Sensor technology aims to help US cities extend the life of aging pipelines

Sensor technology aims to help US cities extend the life of aging pipelines
Wentao Wang, CEE Research Investigator, works with Great Lake Water Authority (GLWA) construction site workers to install sensors on a water pipe alteration in Detroit, MI. Photo: Joseph Xu/Michigan Engineering

Like most major U.S. cities, Detroit has a problem lurking beneath its streets—an outdated water and sewer pipeline system in need of replacement or a safe means of extending its lifespan.

University of Michigan researchers are collaborating with the Great Lakes Water Authority (GLWA) and engineering firm Structural Technologies on a in the Motor City that harnesses the power of smart infrastructure sensors and innovative lining technologies. That combination could bolster the structural integrity of pipelines and alert the utility ahead of line ruptures that can leave residents without service and cost municipalities millions.

"Our research focuses on finding cost effective ways to identify when aging infrastructure systems are showing signs of breakdown," said Jerome Lynch, chair of U-M's Department of Civil and Environmental Engineering, and director of the Laboratory of Intelligent Systems Technology. "If we can do that successfully, we're able to identify distress before failure occurs.

"That way, the data can lead us to more cost effective intervention strategies."

In early August, GLWA crews installed a liner inside a block-long section of pipeline a few miles east of Detroit's main downtown area. Created by Structural Technologies, the liner is made of both steel reinforced polymer and mortar composites, adding additional structural capacity and increasing pipeline durability.
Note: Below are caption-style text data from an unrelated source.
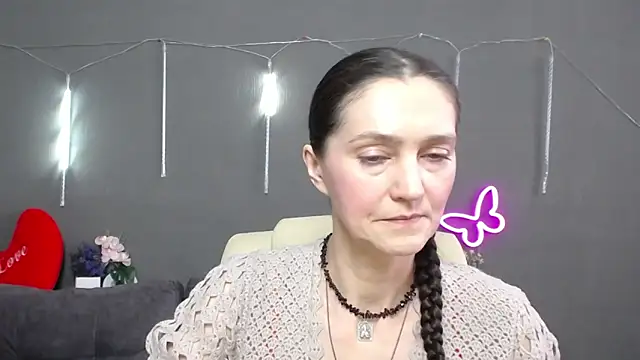 TayaFinch online show from 03.12.26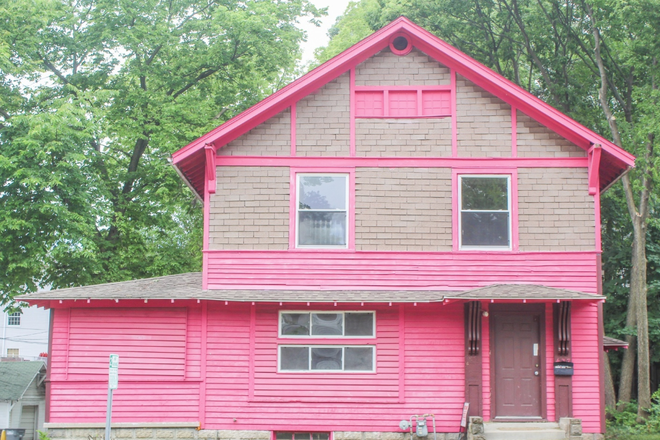 House - Pink House on Salisbury!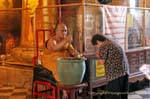 A bênção de Monk, Wat Choeng Phanan, Ayutthaya, Tailândia.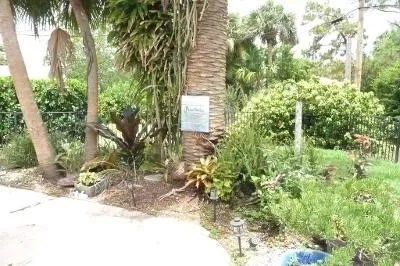 $3,900 | 422 Southwest Avocado Avenue, Sebastian, FL 32958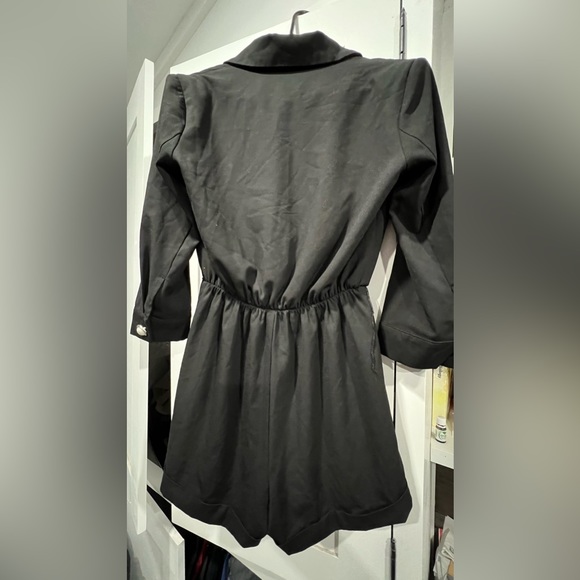 Elegant, Cute Black Forever 21 one piece short romper with long sleeves. - Picture 2 of 8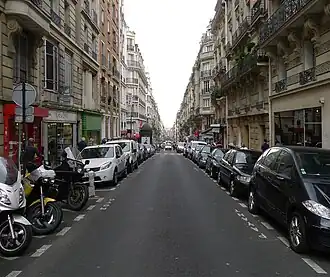 Rue à proximité du métro Lamarck-Caulaincourt.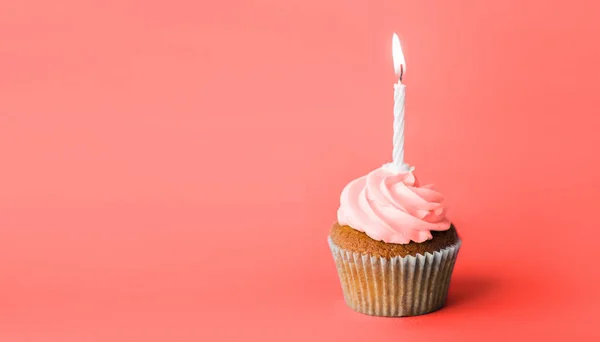 Birthday cupcake with one burning candle — Stock Photo, Image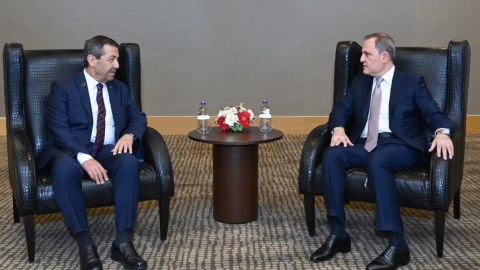 Bayramov Şimali Kiprli həmkarı ilə regionu müzakirə etdi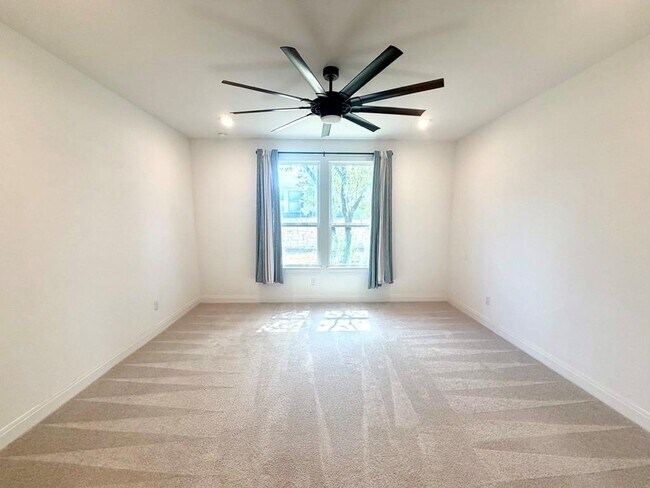 Building Photo - 125 Slenderleaf Dr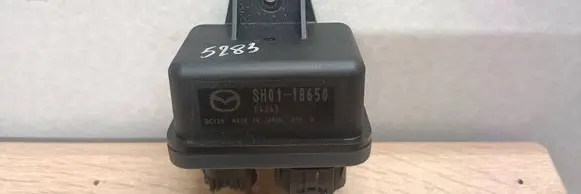 Mazda CX-5 Glow plug pre-heat relay SH0118650 K4243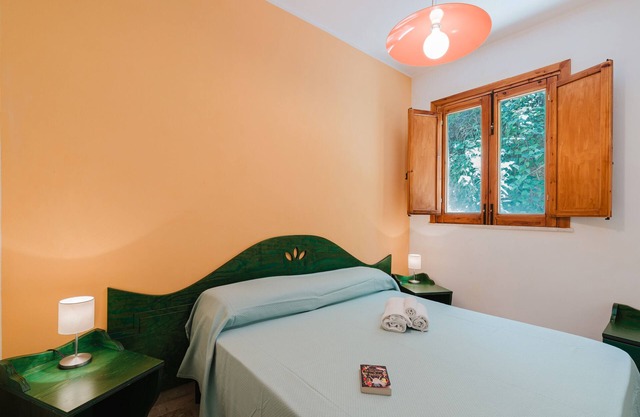 Apartment 'Appartamento Con Vista Piscina 2' with Shared Pool, Wi-Fi and Air Conditioning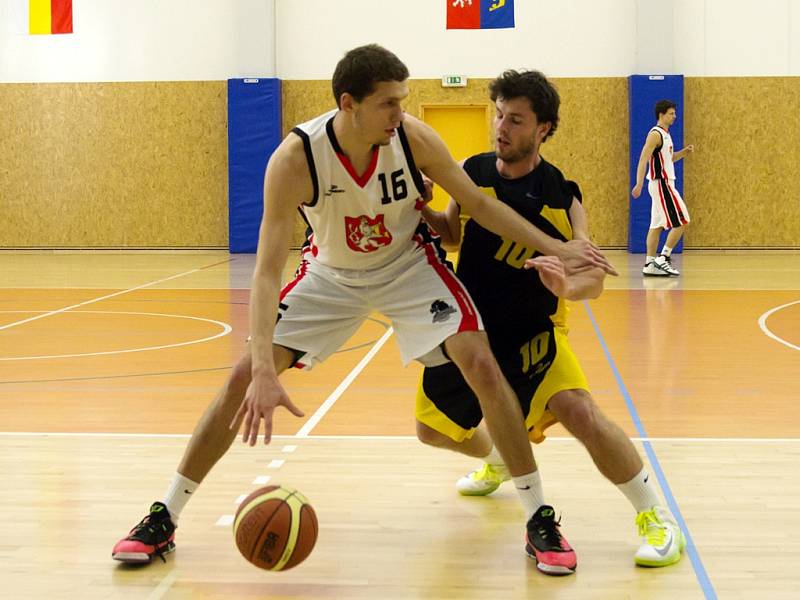 Basketbalová I. liga mužů - 2. čtvrtfinále play off: Sokol Pražské Předměstí Hradec Králové 2 – BC Vysočina Jihlava.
At the same time, GLWA crews worked with U-M advisors to install the 17 channels that measure a trio of factors:

  • Strain: Allows researchers to track the structural behavior of the pipe, leading to identification of damage or distress.
  • Water pressure: Provides an understanding of the actual water load on the pipe.
  • Temperature: Structures often physically react to temperature change.
Credit: University of Michigan

This particular section of pipeline offers an example of what cities around the world are dealing with. Made of cast iron, the pipe was installed in 1913—the same year Ford began producing its Model T on an assembly line, and one year prior to the start of World War I.

In June 2019, Detroit officials announced a five-year, $500 million replacement program for water and sewer pipes throughout the city. It represents the first major upgrade to the system in roughly 90 years.

But Detroit is far from alone in needing to address pipeline problems. The American Society of Civil Engineers estimates the U.S. annually sees 240,000 water main breaks, wasting more than 2 trillion gallons of treated drinking water.

And over the next 25 years, as much as $1 trillion in funding for drinking water will be needed to maintain current services and expand them as needed, according to the American Water Works Association.

Line replacement is a daunting task for any city for a host of reasons: from service interruptions to traffic foul-ups caused by work along busy streets. Addressing large sections of a municipal system in a short period of time is financially impossible for most cities. That means identifying problem areas is key to infrastructure replacement moving forward.

"GLWA is committed to innovation at all levels of the organization to ensure system reliability," said John Norton, GLWA's director of energy, research and innovation. "Pilots like this with the University of Michigan help us as we work to understand and address potential failures in our water distribution system before they occur. Our overarching goal is to understand and improve our ability to select the proper technologies so we can maintain, and even improve, the level of service we provide to the people we serve in southeast Michigan."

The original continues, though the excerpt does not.